▶ **INFORMATION SUPPLIED**:
○ ○ ○ ○

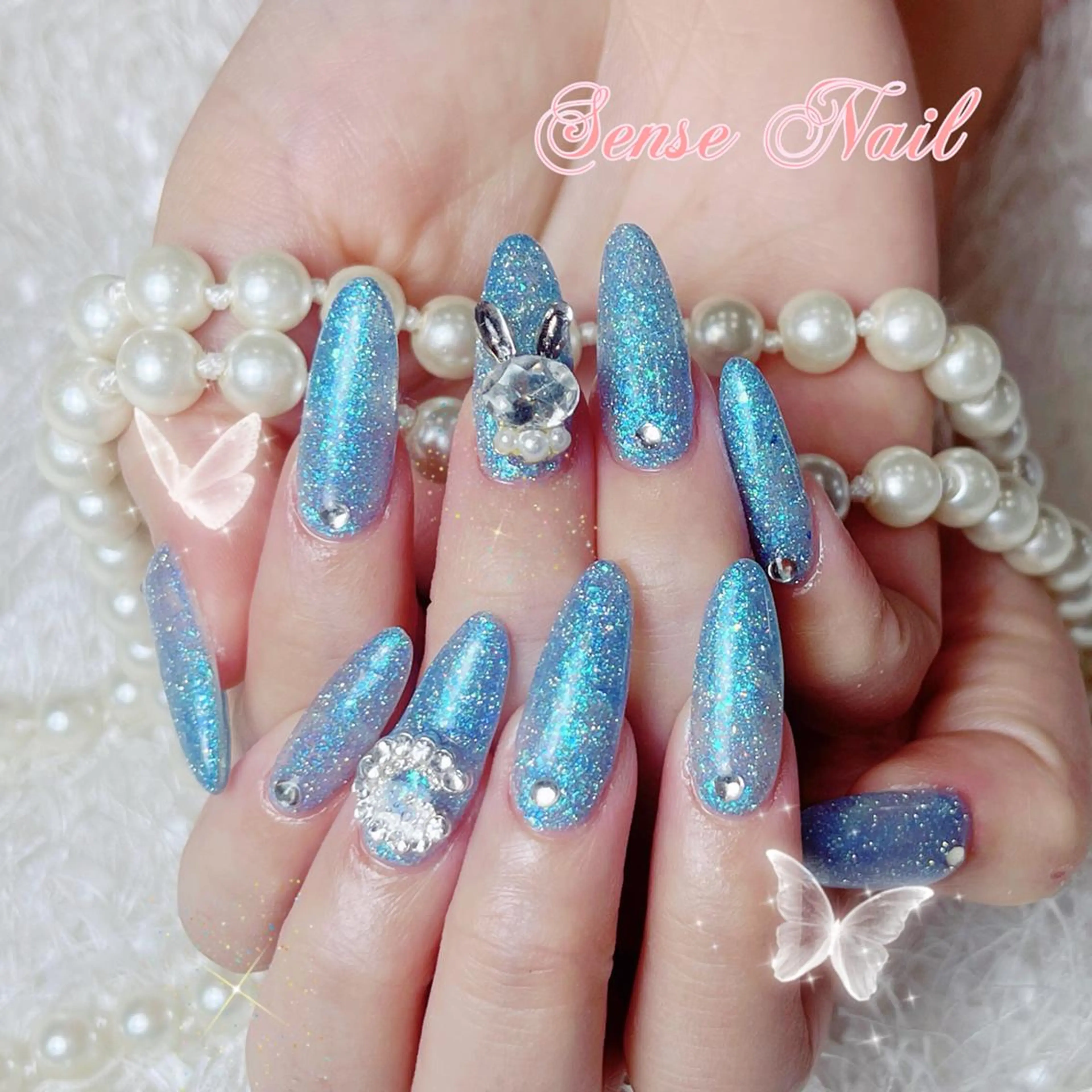 ネイル Queenie 🦋のネイルデザイン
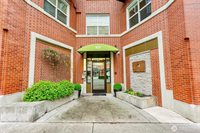 413 NE 70th Street, Seattle, WA 98115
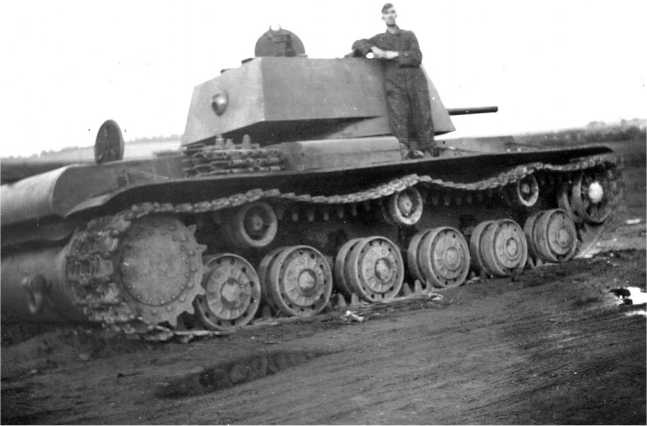 Иллюстрация к книге — Советский тяжелый танк КВ-1. Первые танки Победы [i_056.jpg]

○ ○ ○ ○

▶ **WORK INSTRUCTION**:
Could you transcribe the material above exactly, keeping every picture out?

▶ **SOLUTION FOR THIS TASK**:
 ネイル Queenie 🦋のネイルデザイン
 413 NE 70th Street, Seattle, WA 98115
 Иллюстрация к книге — Советский тяжелый танк КВ-1. Первые танки Победы [i_056.jpg]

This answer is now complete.